In Florida, she learned about Aaron Hall, the 34-year-old Crothersville man who, like Skipper, was brutally beaten by two young Jackson County men for allegedly making an advance.
She added Indiana to the end of her itinerary. Hall was killed in April, between Kennedy and Skipper.
While standing outside a car wash in Laramie, Wyo., Davies met Brandon Monson, whose car window had just been busted at a gas station. When he told the station attendant that he had a "human rights equality sticker" on his window, he said, "That sort of thing happens here all the time."
Monson told Davies that he was in Laramie to see if there was a memorial to Matthew Shepard, the 21-year-old University of Wyoming student who was also brutally beaten and thrown in a ditch in a nationally publicized 1998 hate crime.
Since Davies was in Laramie for the same reason, and Monson was on his way to Greencastle, Ind., and he had shared his story so freely, she invited him to join her.
The more she learned about hate crimes, the more preoccupied Davies became with "gay panic," the notion that straight men are so threatened by gay men that they feel violence and even murder can be justified.
"I'm a lesbian, and I get hit on by men all the time," she said. "But do I feel that bothered by it that I'd feel justified in killing them?"
While in Indiana, Monson drove the fagbug as an experiment. And on their way back to Greencastle from Bloomington, a police officer stopped them just outside of Spencer.
"Basically we got pulled over because the word 'fag' was on my car," Davies said. "And that's the only reason we got pulled over. We weren't doing anything wrong, as far as driving goes."

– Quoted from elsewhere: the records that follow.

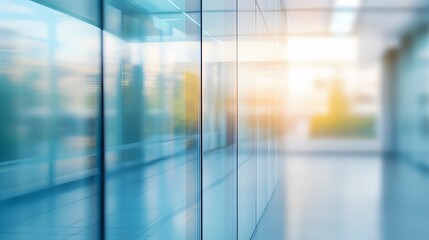 Abstract View of Modern Office Corridor with Glass Walls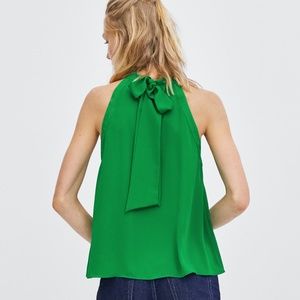 NEW ZARA Silky Green sleeveless Blouse - M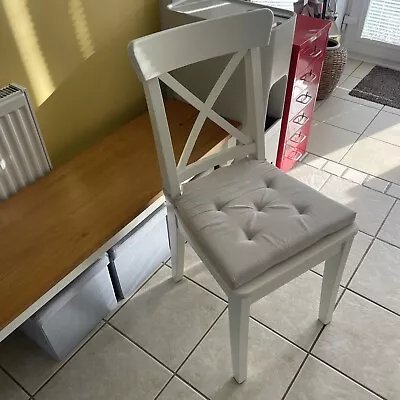 IKEA Ingolf Chair With Cushion. White • £35.50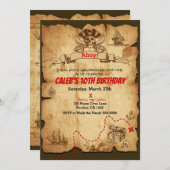 Pirate Old  Treasure Map Birthday Party Kaart (Voorkant / Achterkant)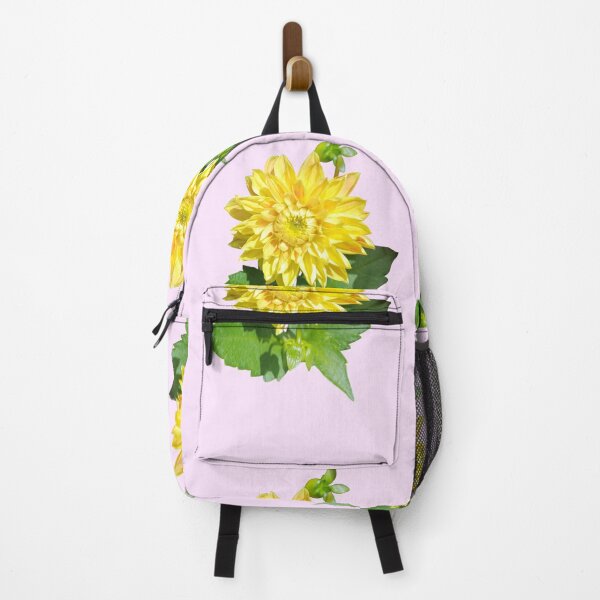 Item preview, Dahlia Gelber Vulcan Yellow For Bringing Positive Vibes and Strength To Oneself and The World Baby Pink Background designed and sold by BOKEbyTC.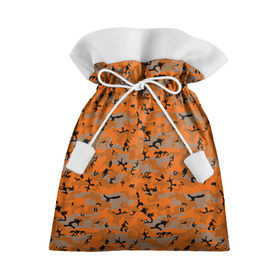 Подарочный 3D мешок с принтом Осенний камуфляж , 100% полиэстер | Размер: 29*39 см | Тематика изображения на принте: военный | оронжевый | серый | черный
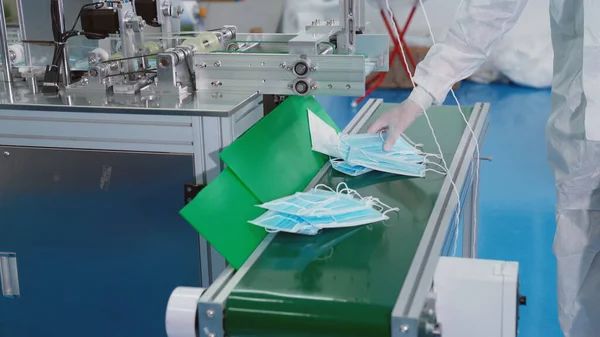 Face mask production line in modern factory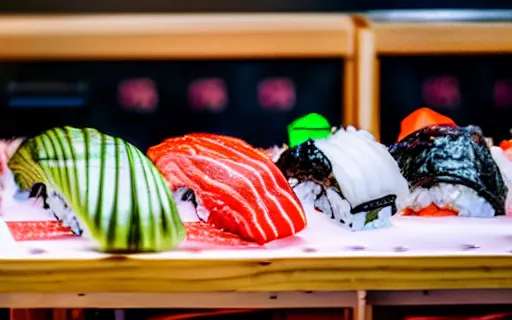 Image similar to A small wooden stand selling sushi stands in a large supermarket that sells groceries, cinematic lighting, commercial photography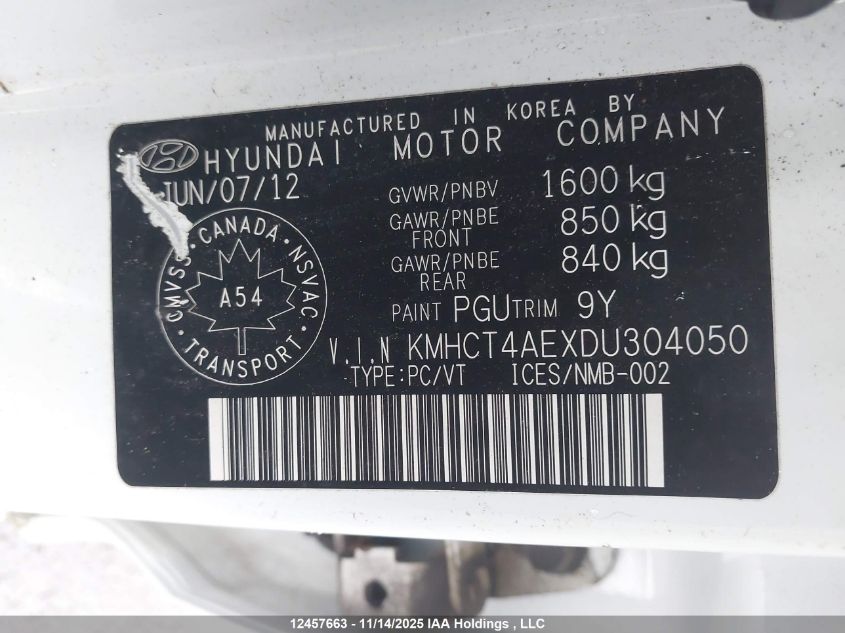 2013 Hyundai Accent L VIN: KMHCT4AEXDU304050 Lot: 12457663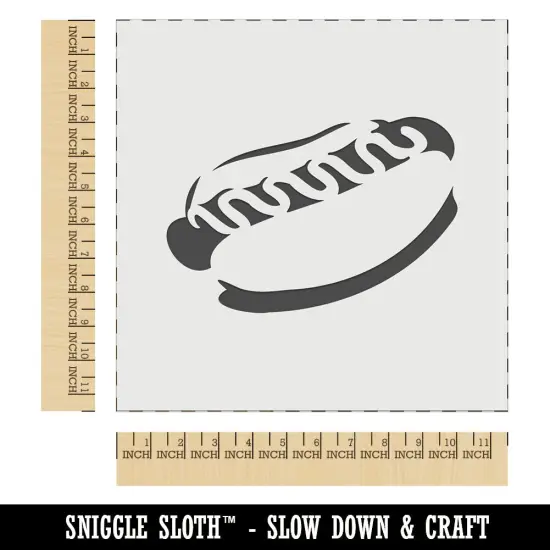 Hotdog Wiener Bun Ketchup Mustard Wall Cookie DIY Craft Reusable Stencil {1}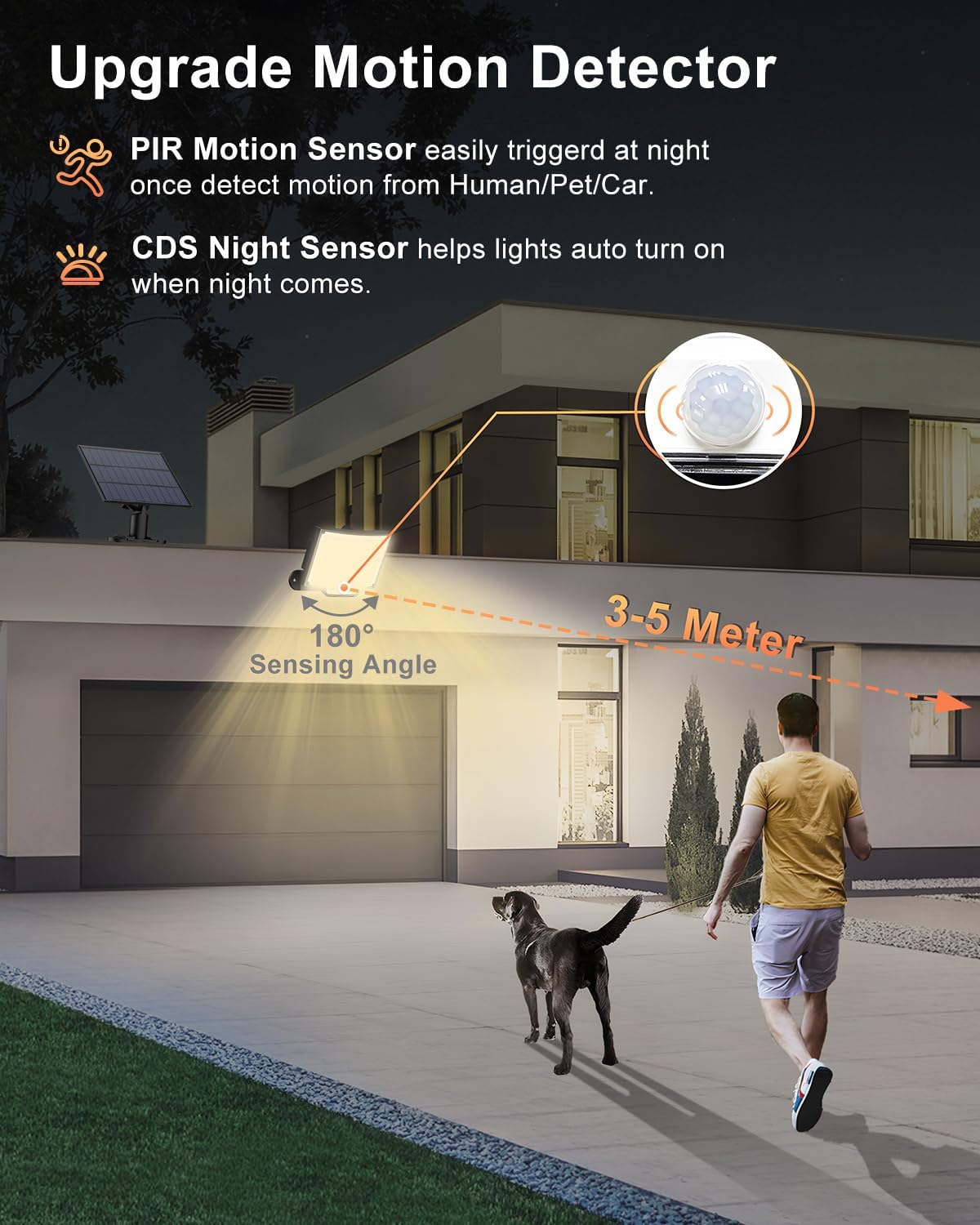 Thumbnail 1 de Lampe solaire extérieure 3000K détecteur mouvement avec télécommande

The cop asked why they were driving with an obscenity on their car. When they explained it was an exercise in public education, he responded: "How could you possibly be educating people? That makes absolutely no sense. I want to take a razor blade like right now and take that off your car."
Despite their entreaties that he not, Davies said, "He actually took his fingernail and started scraping. As soon as we told him we didn't want to take it off he started scraping it off with his fingernail."
After saying he could not be interviewed on camera in uniform, the officer drove away.
After stopping back by the Alternative office for a videotaped interview the next day, Davies and Monson drove to Crothersville to talk about Aaron Hall. The next day she sent an e-mail.
"Thanks for taking the time to meet with us," she wrote. "We met with Aaron's mother last night and a few people along the way. Two guys yelled out 'fag' at us while we were on the side of the road, and I signaled for them to come back, and they did, so we interviewed them."
While her eyes were opened to the frighteningly harsh realities of being gay in America, Davies said her two-month adventure has been a healing experience of sorts.
"I've got to see people's reactions good and bad," she said. "But, literally, the good responses I've gotten are like 1,000 compared to one bad one. There's been so many random acts of kindness, it gives me chills thinking about all the things people have done for me all along the way."
Davies is going to take a year off from school and is planning a speaking tour. She's also going to make a documentary of her journey.
"I just think that it's very inspiring that something that could easily have made me question humanity or question people or the goodness in people has totally done the opposite and kind of restored my faith in the fact that there are so many good people out there," she said. "It's awesome."